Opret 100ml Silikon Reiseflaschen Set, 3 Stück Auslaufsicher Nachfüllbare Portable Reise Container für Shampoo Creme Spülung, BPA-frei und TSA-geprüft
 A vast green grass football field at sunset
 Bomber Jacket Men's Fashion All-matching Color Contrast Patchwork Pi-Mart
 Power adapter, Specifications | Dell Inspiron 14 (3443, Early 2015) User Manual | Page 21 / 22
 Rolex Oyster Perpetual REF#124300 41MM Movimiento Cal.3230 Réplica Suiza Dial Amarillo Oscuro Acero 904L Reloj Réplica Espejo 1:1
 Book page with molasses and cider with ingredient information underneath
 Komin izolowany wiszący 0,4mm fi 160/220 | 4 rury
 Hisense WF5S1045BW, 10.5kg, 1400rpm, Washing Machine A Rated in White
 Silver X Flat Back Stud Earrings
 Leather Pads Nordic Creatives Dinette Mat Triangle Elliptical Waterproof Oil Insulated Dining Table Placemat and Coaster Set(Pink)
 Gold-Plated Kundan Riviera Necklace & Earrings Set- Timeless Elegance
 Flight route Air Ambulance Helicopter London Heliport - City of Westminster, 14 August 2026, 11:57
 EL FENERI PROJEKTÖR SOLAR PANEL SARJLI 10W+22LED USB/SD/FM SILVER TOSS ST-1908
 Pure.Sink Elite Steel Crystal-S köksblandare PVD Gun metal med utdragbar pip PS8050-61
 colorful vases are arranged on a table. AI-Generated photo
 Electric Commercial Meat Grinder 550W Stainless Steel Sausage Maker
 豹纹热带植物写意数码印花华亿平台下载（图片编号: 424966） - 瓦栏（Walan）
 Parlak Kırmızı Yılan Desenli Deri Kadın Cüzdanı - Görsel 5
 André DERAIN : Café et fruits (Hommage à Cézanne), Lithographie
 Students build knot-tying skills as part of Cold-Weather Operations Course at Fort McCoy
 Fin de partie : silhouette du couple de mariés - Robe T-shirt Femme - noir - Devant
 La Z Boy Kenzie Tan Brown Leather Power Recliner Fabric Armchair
+---+
• **Assignment**:
Once you have found every line in the listing that holds the string "Power", copy each of them.

• **Exercise output**:
 Power adapter, Specifications | Dell Inspiron 14 (3443, Early 2015) User Manual | Page 21 / 22
 La Z Boy Kenzie Tan Brown Leather Power Recliner Fabric Armchair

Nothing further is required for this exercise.